This newfangled efficiency has given Wisdom space to envision more. “One of the things I want to do is to start a sewing base factory in New Haven, where we can train people in prison to sew,” he says, noting that ex-convicts, who have a notoriously difficult time finding gainful employment, could have a job waiting for them upon their release. Currently, Wisdom runs a training program for kids, teaching them to sew basic garments while developing fine motor skills.

As for the not-basic garments Wisdom creates, he says he pulls many of his silhouettes from the sophisticated and sleek fashions of classic Hollywood movies. He’s also inspired by his first customers back in Jamaica, who felt driven to develop their individual style and treated going to work like a fashion show.

Wisdom even finds himself influenced by the fabrics themselves. “I have always had a love-hate relationship with fabric, like to control or be controlled,” he says. “There’s always a struggle of, ‘Do I do what I want and not what you [the fabric] want?’ In later years, I’ve learned to accept why certain things don’t work with certain fabrics and not try to conform fabric to do specific things but to find fabric that does the things I want it to do.”

In the past, Wisdom used only custom-printed fabrics and natural fibers. Recently, he’s dabbled in materials not typically seen in the world of high fashion—like fleece, known for its warmth and coziness but also, usually anathematic to couture, its accessibility and bulk. As part of a self-issued challenge to create 100 designs in 100 days early in 2018, Wisdom decided to elevate fleece, creating a series of “architectural” designs—a dress with a ruffle cascade flowing down the front, a sweater with layered sleeves, a color-blocked poncho.

Wisdom’s forthcoming “early 2019” collection, to be revealed this Friday during his Fall 2018 Fashion Show, is also architectural. In fact, it was directly inspired by an architect and his architecture: Louis I. Kahn and the Yale Center for British Art, which rises above Wisdom’s Chapel Street shop. Using textured cottons, wools and fleece to evoke hard structural surfaces, Wisdom says he’s tried to channel the legendary architect’s ability to combine and elevate materials and textures as well as his strong sense of geometry.

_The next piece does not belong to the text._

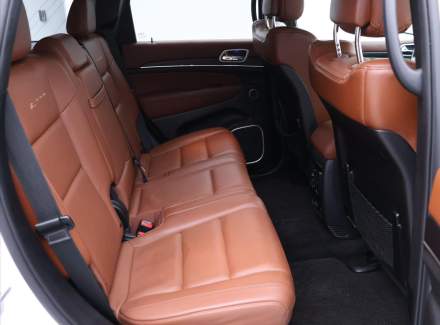 Jeep - Grand Cherokee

Kahn’s willingness to embrace difficult professional challenges has compelled Wisdom to do so “out of respect… I wanted to celebrate him in this collection.” The couturier pulls one such challenge—a full-length collared coat—from the rack, highlighting the experimental nature of its construction. “It’s all one solid [piece] of fabric that has cutouts,” he says. “The pattern of this is insane; it doesn’t look like clothes.” Indeed, the coat’s CAD file reveals a pattern like an oddly shaped fence, and unlike many of Wisdom’s designs, this one was entirely computer-generated.

One of the dangers of technology is that it can suck you into a virtual space, but the high real-world foot traffic passing by and into the Chapel Street shop is a good preventative. Wisdom says members of the Yale community and visitors to downtown from around the world are now discovering his clothing. “The location is superb,” Wisdom says. “It acts as a direct link to people coming in and out of New Haven.”

You might even call it highly approachable.

Neville Wisdom
Retail and Design Studio: 903 Whalley Ave, New Haven | Mon-Fri 11am-7pm, Sat 11am-5pm | (203) 745-5009
Retail Only: 1090 Chapel St, New Haven | Mon-Sat 10am-7pm, Sun noon-5pm | (203) 553-1838
Website | Fall 2018 Fashion Show

Written by Rebekah Fraser. Image 1 photographed by Dan Mims. Image 2 photographed by Rebekah Fraser.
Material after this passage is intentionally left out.